B. Subject to the terms of any agreement between a person or licensee and the person's or licensee's principal or obligee, each person who does not make immediate remittance of funds to the insurer or other person entitled thereto shall elect and follow as to funds received for account of a particular insurer or person either of the following methods:

(1) remit received premiums (less applicable commissions, if any) and return premiums to the insurer or other person entitled thereto within fifteen days after receipt; or

(2) establish and maintain in a commercial bank or other established financial institution depositary one or more accounts, separate from accounts holding general personal, firm or corporate funds, and forthwith deposit and retain therein pending transmittal to the insurer or other person entitled thereto all such premiums (net of applicable commissions, if any) and return premiums. Funds belonging to more than one principal may be as deposited and held in the same account so long as the amount held for each principal is readily ascertainable from the records of the depositor.
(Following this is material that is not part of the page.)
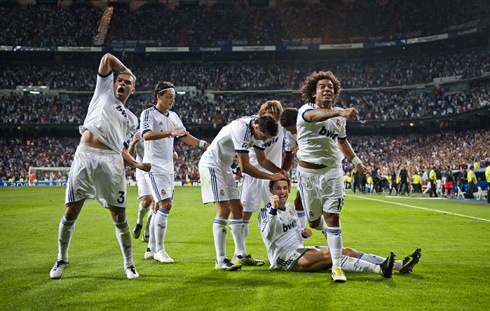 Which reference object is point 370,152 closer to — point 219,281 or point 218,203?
point 218,203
The depositor may commingle with such fiduciary funds in a particular account such additional funds as the licensee deems prudent for advancing premiums, reserves for payment of return commissions or for other contingencies arising in the business of receiving and transmitting premiums or return premiums.
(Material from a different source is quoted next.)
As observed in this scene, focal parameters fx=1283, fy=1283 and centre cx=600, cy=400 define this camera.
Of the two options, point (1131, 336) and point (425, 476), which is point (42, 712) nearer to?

C. The person may commingle with the person's own funds to an unlimited amount funds of a particular principal who has in writing in advance expressly waived the segregation requirements of Subsection B of this section.

D. Any commingling of funds with funds of any person permitted under this section shall not alter the fiduciary capacity of the person as to funds of others.

History: Laws 1984, ch. 127, § 223; 2003, ch. 202, § 7; 2016, ch. 89, § 41.

ANNOTATIONS

The 2016 amendment, effective July 1, 2017, replaced "agents", "brokers", and "solicitors" with "insurance producers"; in the catchline, deleted "agents, brokers, solicitors" and added "insurance producers"; in Subsection A, after "acting as an insurance", deleted "agent, broker, solicitor" and added "producer", after "bail bondsman or", added "their", after "club agent or agent", deleted "or solicitor", after the next "for", added "a", after "plan", added "or", after "plan, or in", deleted "any" and added "a", after "licensing of", deleted "such" and added "the", after "received and held by", deleted "such" and added "the", after "Any", deleted "such", after "appropriates", deleted "such", after "funds to", deleted "his" and added "the person's", and after "person entitled to", deleted "such" and added "the"; in Subsection B, in the introductory paragraph, after "agreement between", deleted "such" and added "a", after "licensee and", deleted "his" and added "the person's or licensee's", after "oblige, each", deleted "such", and after "remittance of", deleted "such", in Paragraph (1), after "fifteen days after", deleted "such", in Paragraph (2), after "held in the same", deleted "such", after "amount held for each", deleted "such", and after "in a particular", deleted "such"; in Subsection C, deleted "Such" and added "The", after "comingle with", deleted "his" and added "the person's"; and in Subsection D, after "funds of any", deleted "such", and after "fiduciary capacity of", deleted "such" and added "the".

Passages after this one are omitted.